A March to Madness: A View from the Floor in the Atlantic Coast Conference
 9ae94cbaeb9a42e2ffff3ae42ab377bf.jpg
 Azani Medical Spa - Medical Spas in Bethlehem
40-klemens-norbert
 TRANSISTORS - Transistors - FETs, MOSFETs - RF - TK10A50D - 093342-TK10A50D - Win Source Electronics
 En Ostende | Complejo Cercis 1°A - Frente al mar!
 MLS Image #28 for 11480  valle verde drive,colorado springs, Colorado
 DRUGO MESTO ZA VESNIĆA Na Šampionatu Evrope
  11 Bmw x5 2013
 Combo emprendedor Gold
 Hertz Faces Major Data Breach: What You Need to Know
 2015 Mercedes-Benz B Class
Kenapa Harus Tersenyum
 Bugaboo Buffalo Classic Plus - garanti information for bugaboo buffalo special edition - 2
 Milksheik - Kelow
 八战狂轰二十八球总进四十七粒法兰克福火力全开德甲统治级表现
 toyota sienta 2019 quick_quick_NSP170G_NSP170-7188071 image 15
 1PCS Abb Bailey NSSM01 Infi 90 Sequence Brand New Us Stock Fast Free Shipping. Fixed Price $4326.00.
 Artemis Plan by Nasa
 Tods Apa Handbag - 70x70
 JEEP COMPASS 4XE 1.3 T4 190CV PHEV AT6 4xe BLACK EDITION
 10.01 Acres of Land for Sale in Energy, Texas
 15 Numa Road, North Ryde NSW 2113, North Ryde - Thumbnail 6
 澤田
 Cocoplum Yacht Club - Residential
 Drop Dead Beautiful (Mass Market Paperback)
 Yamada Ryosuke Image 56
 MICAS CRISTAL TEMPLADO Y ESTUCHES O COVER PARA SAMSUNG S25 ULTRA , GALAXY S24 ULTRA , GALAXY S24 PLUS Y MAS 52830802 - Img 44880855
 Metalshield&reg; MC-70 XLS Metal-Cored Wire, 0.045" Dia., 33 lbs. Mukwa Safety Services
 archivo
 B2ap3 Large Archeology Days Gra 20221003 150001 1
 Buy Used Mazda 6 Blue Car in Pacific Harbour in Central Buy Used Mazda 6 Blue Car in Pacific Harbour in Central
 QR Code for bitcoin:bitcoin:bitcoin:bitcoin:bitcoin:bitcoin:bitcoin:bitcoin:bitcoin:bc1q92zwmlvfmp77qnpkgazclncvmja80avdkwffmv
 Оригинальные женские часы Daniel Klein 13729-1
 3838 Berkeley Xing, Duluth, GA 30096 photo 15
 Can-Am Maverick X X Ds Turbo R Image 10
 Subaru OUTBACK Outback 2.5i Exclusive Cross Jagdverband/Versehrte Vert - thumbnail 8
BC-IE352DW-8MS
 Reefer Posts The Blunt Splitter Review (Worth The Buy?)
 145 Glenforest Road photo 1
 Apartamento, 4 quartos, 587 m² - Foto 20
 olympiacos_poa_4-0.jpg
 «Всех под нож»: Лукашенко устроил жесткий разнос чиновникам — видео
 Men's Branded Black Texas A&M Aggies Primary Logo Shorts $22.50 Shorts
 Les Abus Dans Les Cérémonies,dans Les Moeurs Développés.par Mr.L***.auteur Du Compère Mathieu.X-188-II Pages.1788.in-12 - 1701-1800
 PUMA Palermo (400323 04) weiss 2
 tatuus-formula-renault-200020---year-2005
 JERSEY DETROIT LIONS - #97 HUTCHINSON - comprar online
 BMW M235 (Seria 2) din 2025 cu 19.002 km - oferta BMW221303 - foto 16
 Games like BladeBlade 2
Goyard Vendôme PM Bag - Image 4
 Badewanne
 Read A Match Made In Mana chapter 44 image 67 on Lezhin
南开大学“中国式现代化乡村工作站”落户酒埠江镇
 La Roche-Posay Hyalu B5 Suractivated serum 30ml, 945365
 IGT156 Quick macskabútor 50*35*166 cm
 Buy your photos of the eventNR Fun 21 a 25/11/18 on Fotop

——————————

• **Instructions to follow**:
Filter the data for the string "Road" and copy every line that has it.

• **Result**:
 15 Numa Road, North Ryde NSW 2113, North Ryde - Thumbnail 6
 145 Glenforest Road photo 1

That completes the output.